▶ [Requirement]: Reproduce only the lines that begin at the line with "Project Kato - Unarmed Melee Combat" and run to the end of the entries; omit every picture.

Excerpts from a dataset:
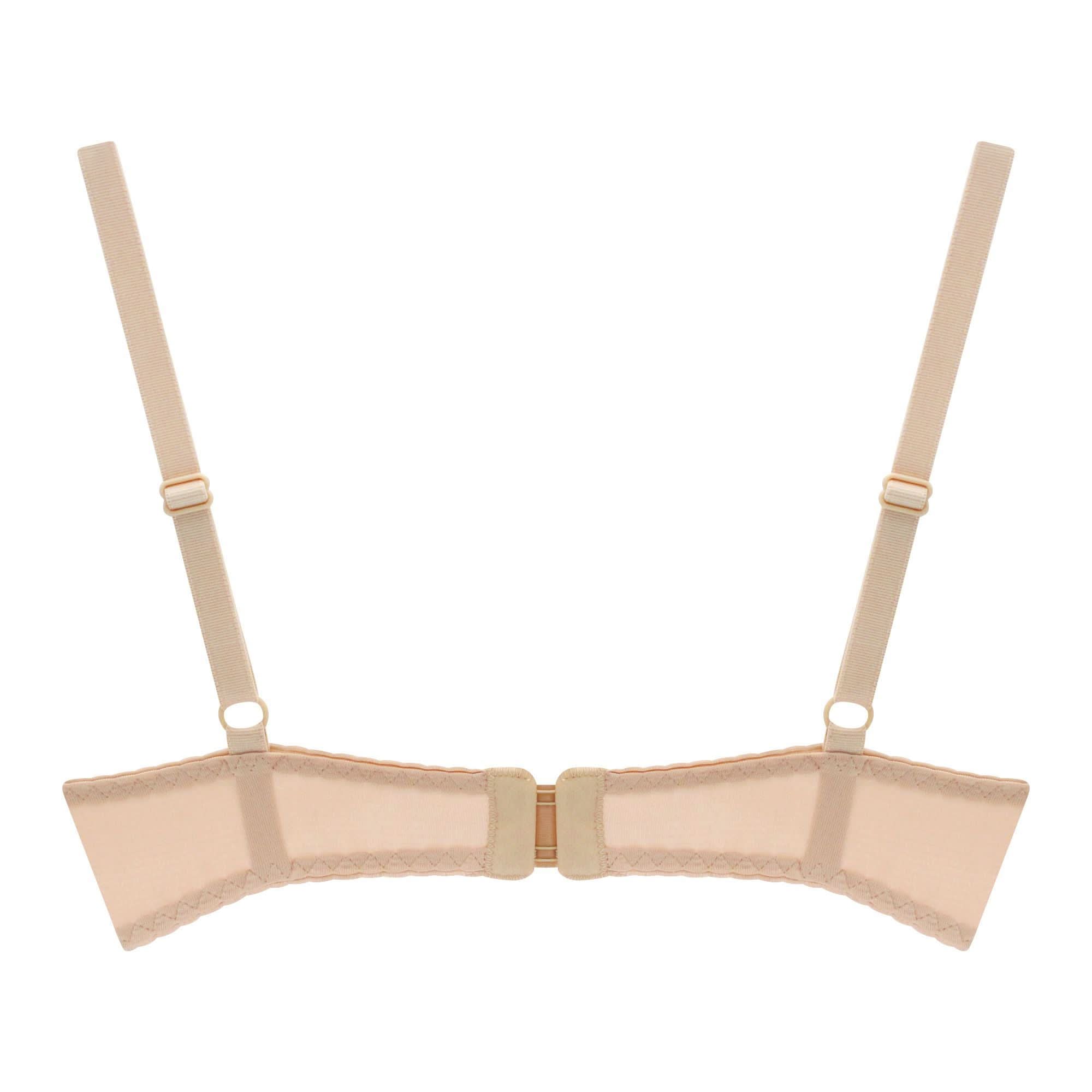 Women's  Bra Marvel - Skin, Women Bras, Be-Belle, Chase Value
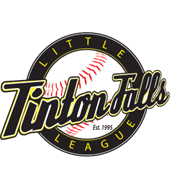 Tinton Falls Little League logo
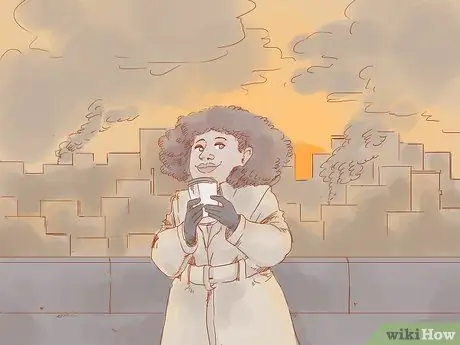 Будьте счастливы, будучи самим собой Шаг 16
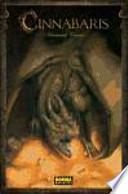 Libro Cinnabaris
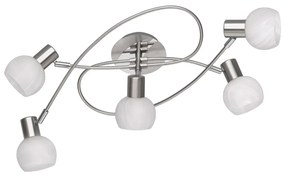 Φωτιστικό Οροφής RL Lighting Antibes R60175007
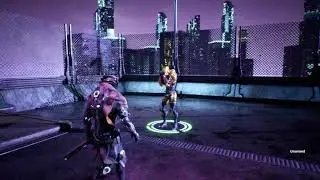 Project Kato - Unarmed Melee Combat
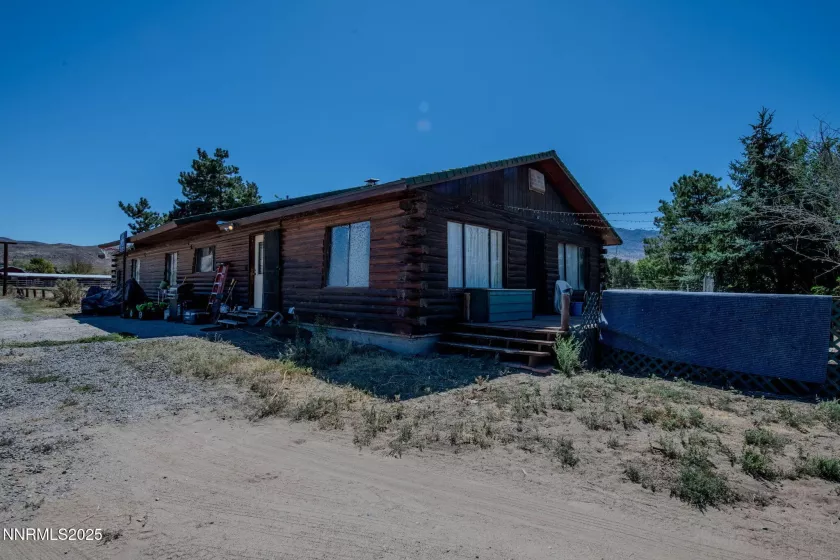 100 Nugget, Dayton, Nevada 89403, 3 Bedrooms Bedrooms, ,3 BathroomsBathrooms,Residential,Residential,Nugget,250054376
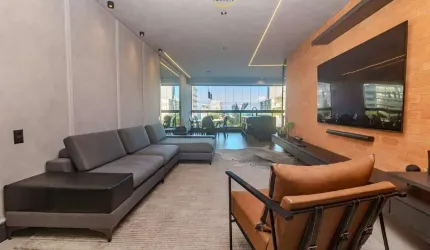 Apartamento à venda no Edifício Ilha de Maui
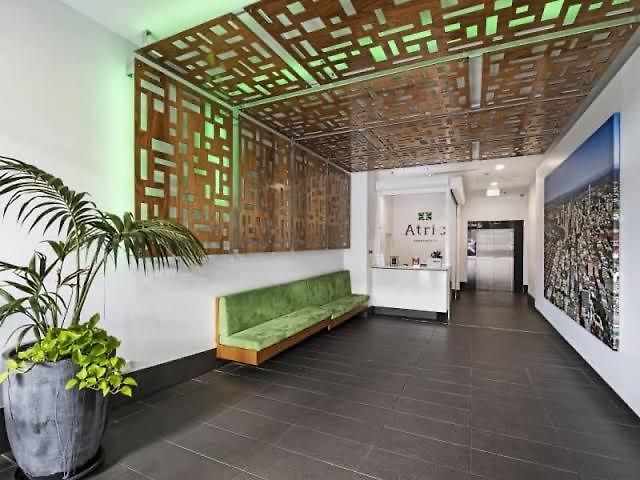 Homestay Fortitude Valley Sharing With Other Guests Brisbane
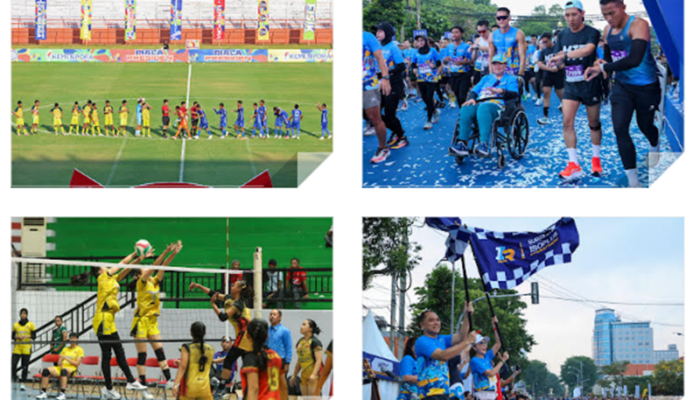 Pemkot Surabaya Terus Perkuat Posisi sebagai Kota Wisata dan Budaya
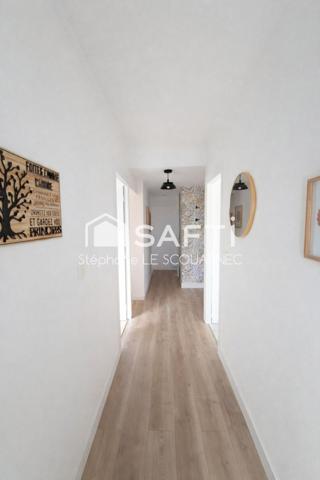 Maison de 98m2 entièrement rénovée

▶ [Response]:
 Project Kato - Unarmed Melee Combat
 100 Nugget, Dayton, Nevada 89403, 3 Bedrooms Bedrooms, ,3 BathroomsBathrooms,Residential,Residential,Nugget,250054376
 Apartamento à venda no Edifício Ilha de Maui
 Homestay Fortitude Valley Sharing With Other Guests Brisbane
 Pemkot Surabaya Terus Perkuat Posisi sebagai Kota Wisata dan Budaya
 Maison de 98m2 entièrement rénovée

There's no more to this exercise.